She was closely associated throughout her career with William Tinsley, who remarked in 1865, after her first two novels had been published by John Maxwell, that she was "a light-hearted girl, and a writer of bright, easy-reading fiction, of which she could write almost acres in a short time. But when she found time to write so much was often a puzzle to me, for she seemed always to be out and about. She was in a bright and merry set at the time, many of whom had 'at homes', dinner parties, dances, and merry meetings of different kinds, including some theatre-going." He claimed that she could easily disgorge one of her "triple-deckers" in six weeks.
Having refused an offer of marriage from W. S. Gilbert in 1866, she married Rev. Pender Hodge Cudlip on 10 July 1867. they had six children. Rev. Cudlip was a High Church clergyman and amateur theological author. The two lived in Devon for much of their married lives.
However, in 1873, she and her husband moved for eight years to Paddington, London, where she was involved in animal rights groups and wrote of animal cruelty in London during the period. Her favourite Stella setter contracted hydrophobia and eventually had to be destroyed. A large greyhound, Cavac, had been her constant companion for ten years and was one of the many dogs killed in the infamous London dog poisonings in 1876. She had included him as a character in her 1867 novel Called to Account.
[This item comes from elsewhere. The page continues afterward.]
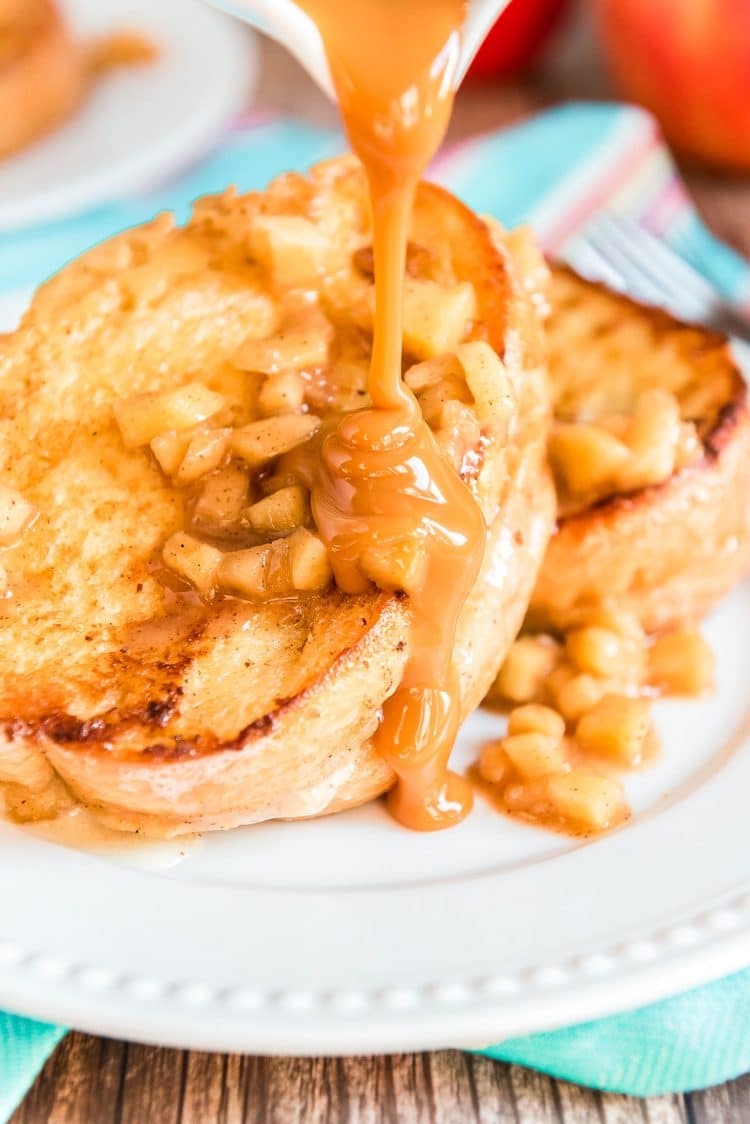 Caramel sauce being poured over french toast stuffed with apples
Two of her elder sons died in March of that year and another in February 1879. Of her three surviving children, one married Major William Price Drury, a Royal Marine, who wrote some nautical novels at the end of the 19th and earlier part of the 20th century.
Cudlip was the editor of Ours: A Holiday Quarterly and a regular contributor to All the Year Round, Appleton's Journal, the Broadway, Frank Leslie's Popular Monthly and other magazines in Britain and the United States, between 1876 and 1884. She also wrote serial novels for The Ladies' Pictorial and a group of other provincial journals. She and her husband returned to Devon in 1884, where Pender Cudlip would serve as Vicar of Sparkwell for 25 years. She continued writing single-volume novels for such publishers as Chatto & Windus around the start of the 20th century. However, she began experiencing financial problems within a few years and applied to the Royal Literary Fund in 1907 and 1908. In the latter year she claimed that the highest offer she had received for her latest novel was £15. Her husband died in 1911 and Annie Cudlip died seven years later on 24 November 1918.